John Lensing is in a mental institution awaiting trial for murder and numerous other crimes while a court-appointed psychiatrist probes into his past to determine the cause and reality of his psychosis. What he finds is a labyrinth of madness in a confused individual.
Having been sheltered from the outside world for most of his life, John discovers a life he was never ready for; however, is coaxed into by a free-spirited, tattooed goddess and her hedonistic lifestyle of drugs and debauchery. In this new life, the socially awkward John’s mental state alters as he starts giving in to his own violent and obsessive thoughts.
praise for the gift of the dead
“Pendulum of Madness”
Kruger’s ability to paint a picture of madness is nothing short of exemplary.
From his dark loom he is able to create a different take on madness as viewed not just from Lensing himself, but from all those caught in his web. The switch between past and present as told by Lensing provides the background of a troubled individual but also one who possess a non-traditional strength in adversity.

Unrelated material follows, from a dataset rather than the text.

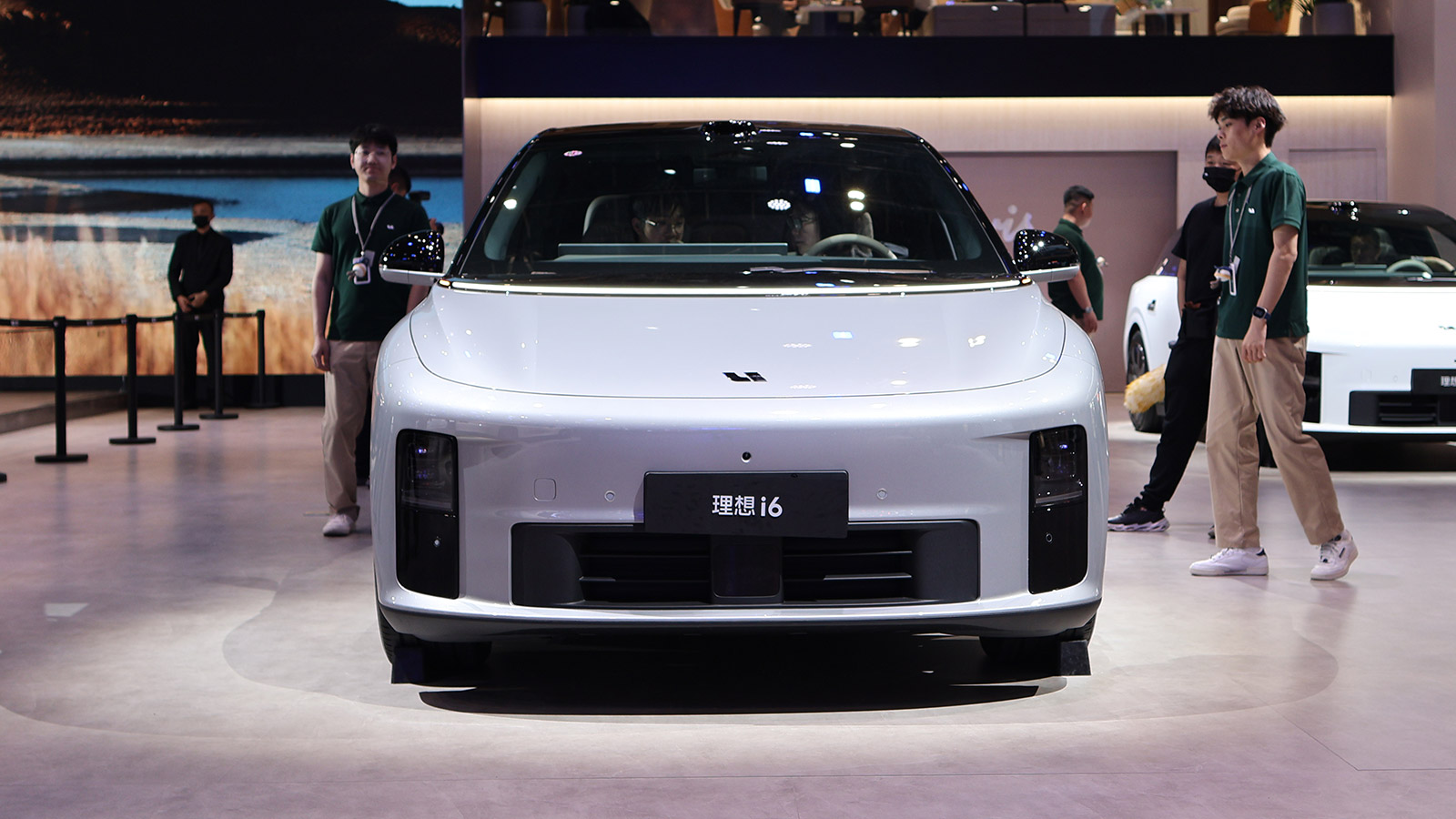 A silver Li i6 electric SUV viewed from the front at the 2026 Beijing Auto Show.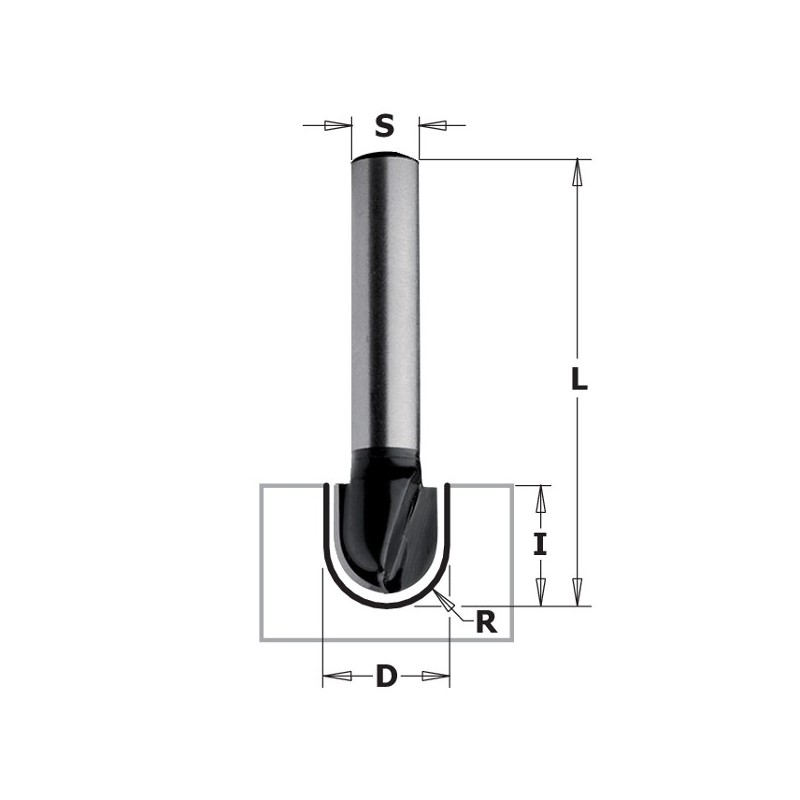 ROUND NOSE BIT HW Z2 S-8 D-6x9.5x40 R-3 RH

Whilst Lensing is the centre cog of this story, Kruger manages to create a world in contrast to itself. Populated by dark and light, the author shows us how there is no absolute black and white. Kruger purposely shows how these two elements interplay with each other and is a recurring theme throughout the story. Thankfully, he does this implicitly and allows the reader to discover this through their own observations throughout. If anything, the lesson here could also be that too much time in the grey, however, is just as dangerous.
I look forward to seeing Kruger’s future work. It’s been a long time since I’ve read something that is both dark and endearing.
“A Brilliant Read!”
Absolutely brilliant! I finished this book in two days as I found it difficult to put it down and walk away from Mr Lensing. It grabbed me from the first word and kept me intrigued the entire time.
You start questioning the fact that you are reading fiction as the characters with all their fears and dreams and problems seem so very real. It felt like I was in the mind of this misguided misunderstood “madman” and I found myself loving this character even though in the real world we should fear and despise people like this.
It is very well written with a wonderful and unexpected twist. I truly hope to see more work from this incredibly gifted writer!
– Megan Blom
Reading the book is like being in the mind of John Lensing – it is honest to the point where you don’t believe it is fiction.
Wonderful no holds barred insight into the mind of an influencable man.